Tuesday, September 17, 2013

Are you wrong?

"I praise You, because I am fearfully and wonderfully made; your works are wonderful, I know that full well." -Psalm 139: 14 

Man, I'm not surprised!
As far as we can tell, a man penned the above verse. Are you surprised? I'm not. I would actually be shocked if a woman wrote it. Before you get offended and write me an incredibly nasty comment below this post, let me be clearer than most of the handprint smudged, hairspray spritzed, dust sprinkled mirrors I look at in my house: I am completely aware that there are numerous men who have caught the self-criticism virus that many of us ladies seemingly picked up somewhere between the delivery room when we were born and the kindergarten classroom when we start school. I am also (admittedly) jealously conscious of the fact that there are women completely secure in their God-given identity. For that I say "Praise God!", but sadly there are far too many women, who, like me, are far too tough on themselves to talk to God about how grateful they are for how awesome He made them. 

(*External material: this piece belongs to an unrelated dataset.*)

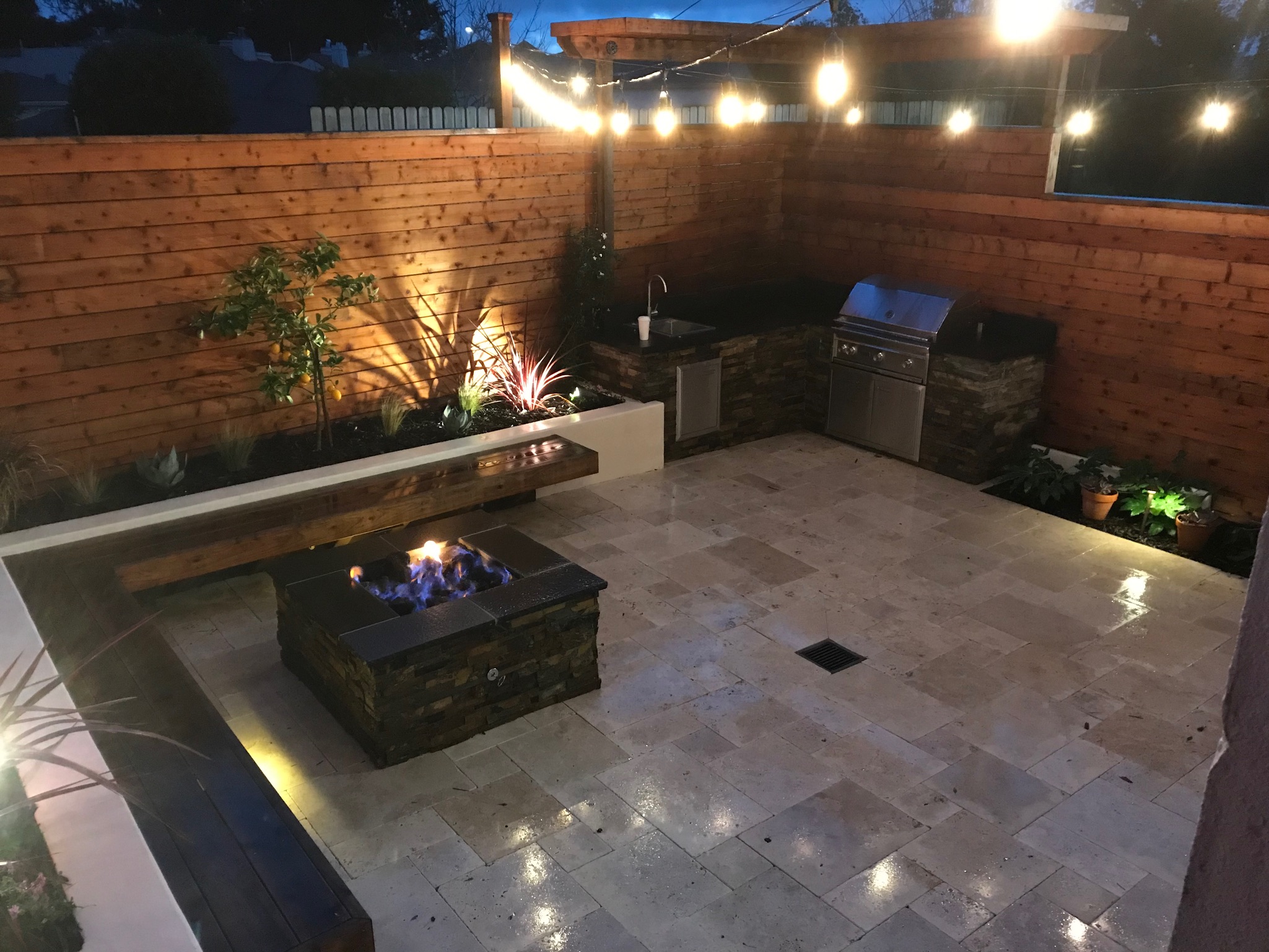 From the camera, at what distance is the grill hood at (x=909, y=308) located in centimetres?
746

Being wrong isn't always a bad thing
I've known for quite a while now that I am by far my worst critic, which considering the bone-breaking (yes, it's not just caused by sticks and stones) comments people have made both to and about me before is really saying something some days. Sunday night, however, I was caught completely off-guard in the realization that I (and those other bone-breakers) might not be one hundred percent correct in those criticisms. After posting a Facebook status about how I am just not one of those people who know just the right thing to say at just the right moment, a self-assessment that I have lamented and prayed over for years, comments starting popping up below it from my friends. They said many different things, but the gist of it was, "You're wrong. You are an encouragement to many. Your words have had a positive impact on my life." What?!?! Me?!?! Are you ladies sure you didn't mean to post those words about someone else? Shockingly, truly shockingly, they didn't, which led me to comment honestly: "Well, I can't say I've ever enjoyed being told I'm wrong this much. Thank you for your kind words!" and another time: "Thanks for the sweet 'disagreements'! Maybe God has been answering my prayers more than I know!" 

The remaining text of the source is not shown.